Supplied information
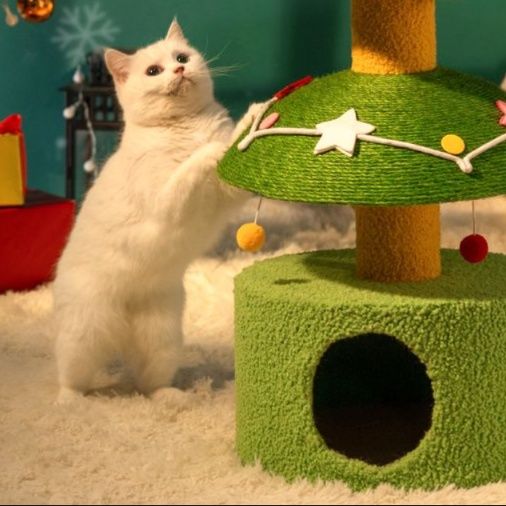 https://fulmo-img-server.com/party-cat/1750496520772_g7otv1yb_zjljxomp.jpeg
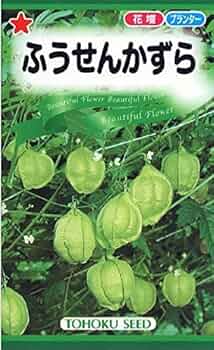 ふうせんかずら種　100粒 ふうせんかずら種100粒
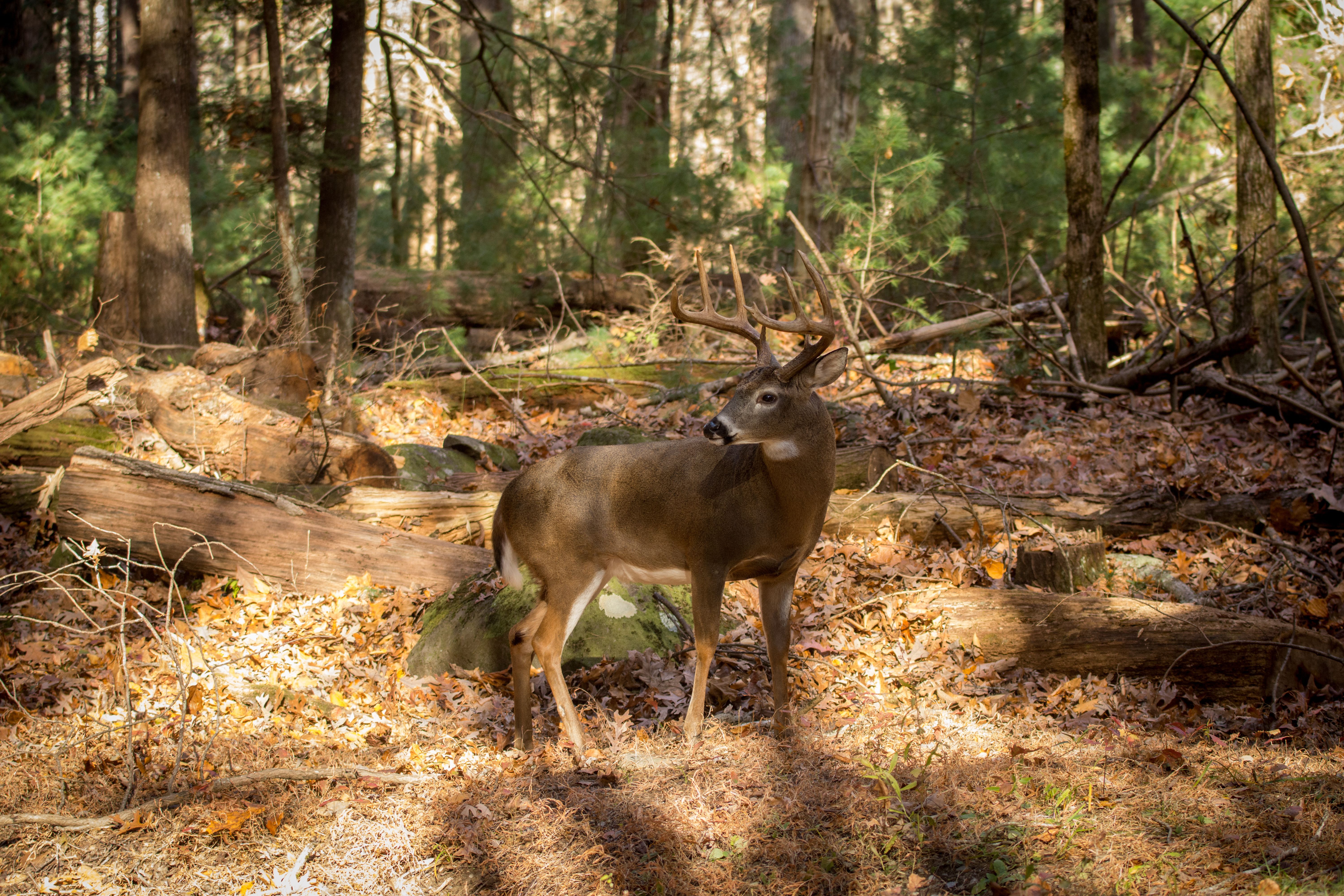 A deer in the woods, hunting in the wind concept. 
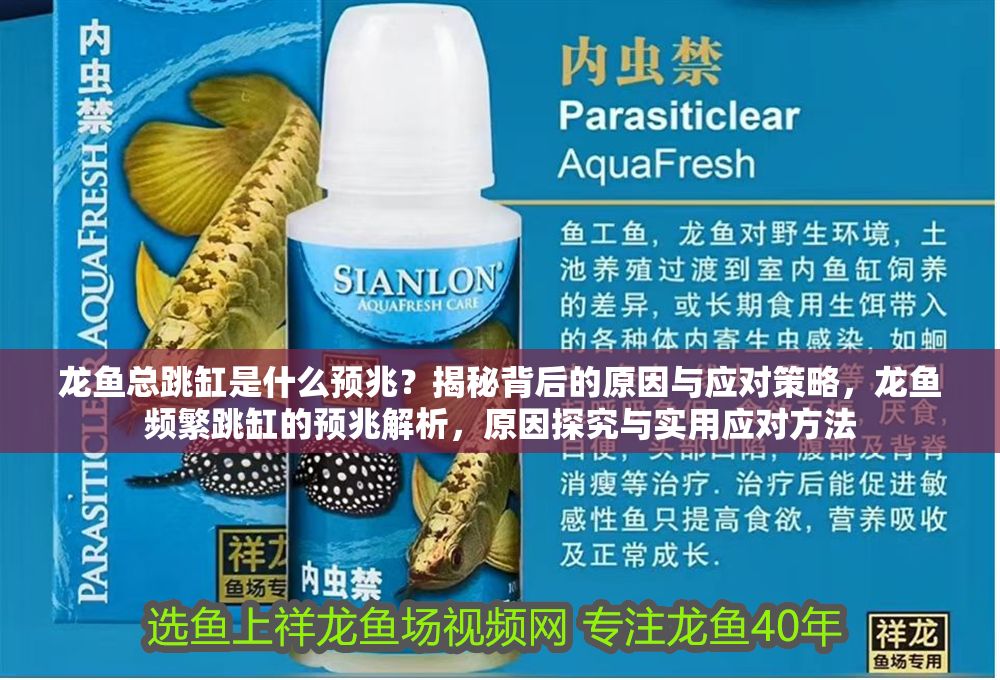 龍魚總跳缸是什么預兆？揭秘背后的原因與應對策略，龍魚頻繁跳缸的預兆解析，原因探究與實用應對方法 龍魚總跳缸是什么預兆？揭秘背后的原因與應對策略，龍魚頻繁跳缸的預兆解析，原因探究與實用應對方法 龍魚百科 第1張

Your objective
The required response consists solely of the lines from the line containing "ふうせんかずら種　100粒 ふうせんかずら種100粒" through the end of the listing, both ends included, copied exactly without pictures.

Answer area
 ふうせんかずら種　100粒 ふうせんかずら種100粒
 A deer in the woods, hunting in the wind concept. 
 龍魚總跳缸是什么預兆？揭秘背后的原因與應對策略，龍魚頻繁跳缸的預兆解析，原因探究與實用應對方法 龍魚總跳缸是什么預兆？揭秘背后的原因與應對策略，龍魚頻繁跳缸的預兆解析，原因探究與實用應對方法 龍魚百科 第1張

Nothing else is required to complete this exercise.